Monday, November 15, 1999 Published at 16:26 GMT
Business: The Economy
Red tape task force
Mo Mowlam: "Whole new approach to cutting unnecessary burdens"
The UK government says it is declaring war on the red tape critics say is crippling moves to stimulate enterprise in Britain.
Ministers have announced a Cabinet-level watchdog to oversee regulation across all its departments, with the aim of making sure it does not impede entrepreneurship.
The ministerial panel will be headed by the Cabinet Office Minister, Mo Mowlam, and promises to "call ministers to account for their regulatory performance".
The chief executive of the newly created Small Business Service, who has yet to be named, will also be on the panel.

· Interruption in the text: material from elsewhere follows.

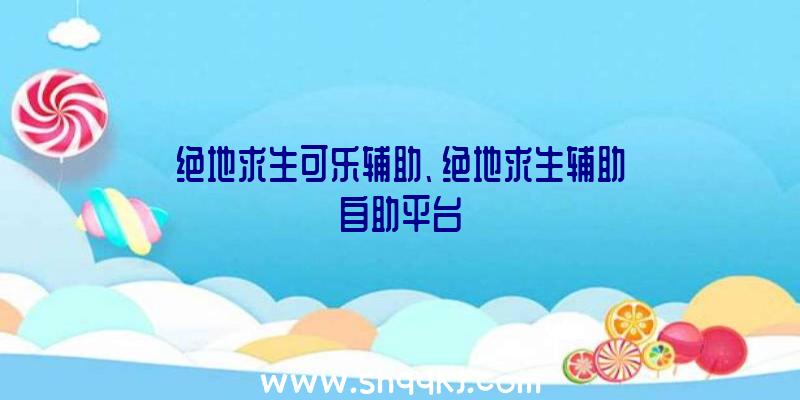 绝地求生可乐辅助、绝地求生辅助自助平台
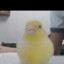 sovb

Announcing details of the scheme at Dudley in the West Midlands, Dr Mowlam said: "What we are launching today is a whole new government approach, to cut unnecessary burdens of red tape, administration and form-filling that can make life hell for small businesses and for many in the public sector."
She said each government department would be expected to appoint a minister with special responsibility for reforming regulations within their department.

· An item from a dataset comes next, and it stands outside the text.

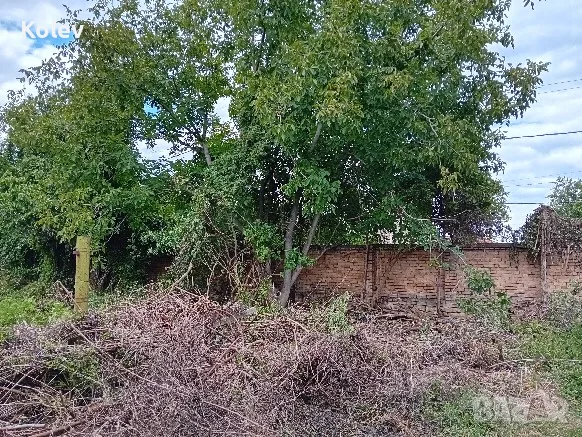 Къща с двор 2,5 декара в село Ресен, снимка 14 - Къщи - 55335764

Dr Mowlam announced that a team had also been set up to investigate the burden imposed on local government by Westminster regulations.
Mr Byers said the government had begun the process of cutting red tape for small businesses.

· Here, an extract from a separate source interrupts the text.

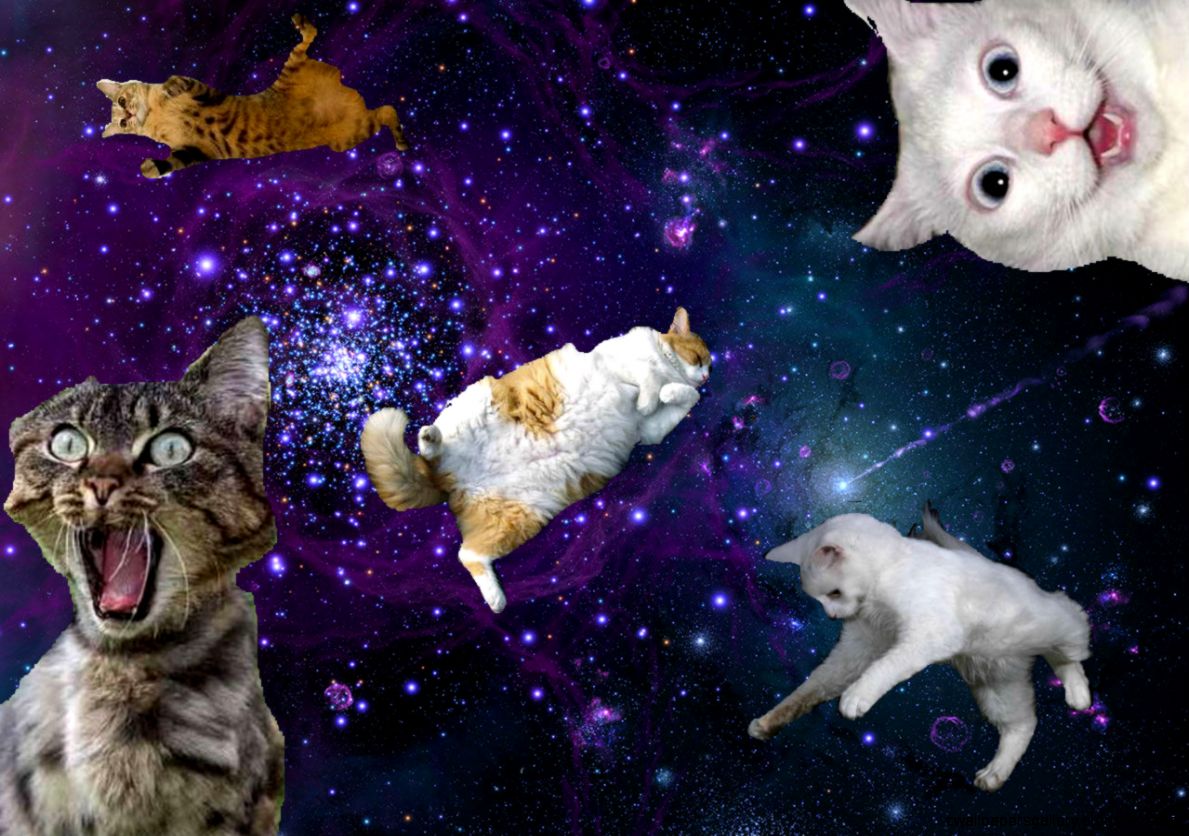 猫壁紙tumblr,ネコ,ネコ科,スペース,天体,中型から中型の猫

In the future, he said, the government would make sure it imposed only regulations which were genuinely necessary, and it would also look back at existing rules to see whether they too were necessary and if they could be simplified.
The Federation of Small Businesses said the announcement was "a positive step, but a step too late", because so many regulations were already bearing down on small businesses.
A spokesman cited the Working Families Tax Credit, minimum wage and employment relations regulations as all adding to small business pressures.
He said: "The average small business owner has increased the amount of time he spends filling in forms by 20%."
A survey by the Confederation of British Industry published in September found that 85% of companies felt the burden of red tape had increased over the past year.
Also, the Conservatives have made much of their commitment to freeing business from bureaucratic burdens, saying Labour has imposed regulations costing billions of pounds since coming to power.